Umgang mit Eßstörungen

Wie gehe ich vor, wenn ich denke, dass jemand in die Magersucht gerutscht ist?

Für mich als "Opfer der Magersucht", also als eine, die weiss, wovon sie spricht, ist es etwas einfacher jemanden auf eine mögliche Magersucht anzusprechen. Was aber tun, wenn man selbst kaum Ahnung davon hat und trotzdem helfen möchte?

Als erstes würde ich Fachliteratur - und zwar gute Fachliteratur, nicht einfach Wikipedia - zu Hilfe ziehen.
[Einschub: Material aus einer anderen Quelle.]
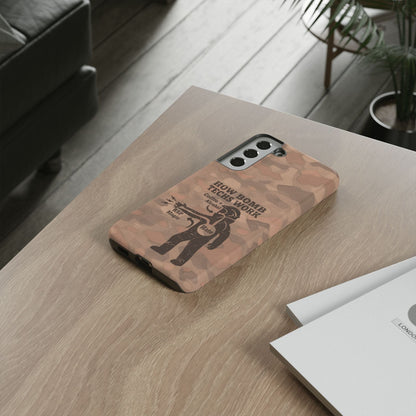 K-Factor Supply Co RSP Magic Tough Android Case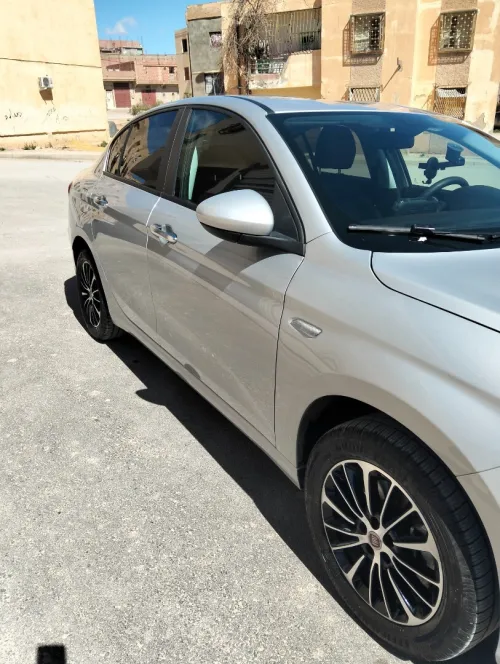 Fiat Tipo Sedan 2025 Life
Dort gibt es oft auch Tipps, wie man als Angehöriger oder Freund jemand auf eine mögliche Eßstörung ansprechen könnte. Zudem ist es, meiner Meinung nach, extrem wichtig zu wissen, wovon man spricht, d.h sich mit dem Thema Magersucht auseinandergesetzt zu haben. Wie sonst will man dem Gegenüber begreiflich machen, dass ein Problem vorliegen könnte.
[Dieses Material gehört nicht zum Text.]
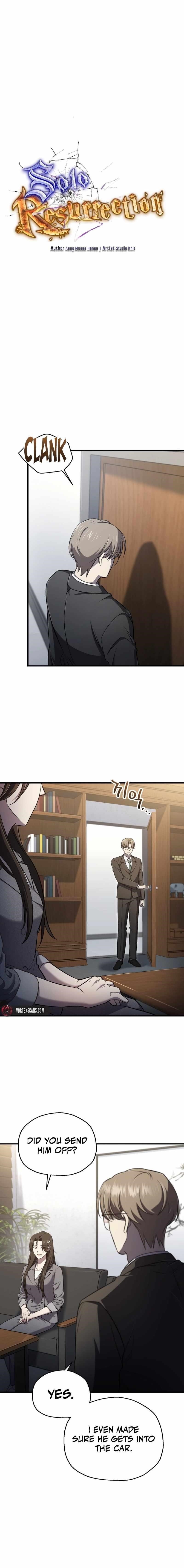 Solo Resurrection - Chapter 33 Page 10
Zweitens würde ich die betreffende Person in Situationen bringen, in denen man sehen kann, wie ihr Verhältnis zum Essen ist. Meidet sie es in der Kantine zu essen, hat sie immer Ausreden parat ("Ich habe schon gegessen", "Mir ist ein bisschen übel", "Ich habe momentan keinen Hunger", "Irgendwas hat mir auf den Magen geschlagen", und so weiter), treibt die Person mehr Sport oder ist sie ständig unruhig, wie sieht ihr allgemeiner Zustand aus, kann eine andere Erkrankung ausgeschlossen werden (denn viele Leute, die nicht magersüchtig sind, reagieren genauso empört, wenn sie darauf angesprochen werden, wie jemand, der magersüchtig ist, es sich aber noch nicht eingestehen kann). Wenn man also ziemlich sicher ist, dass Magersucht vorliegt, sollte man sich überlegen, wie man weiter vorgehen soll.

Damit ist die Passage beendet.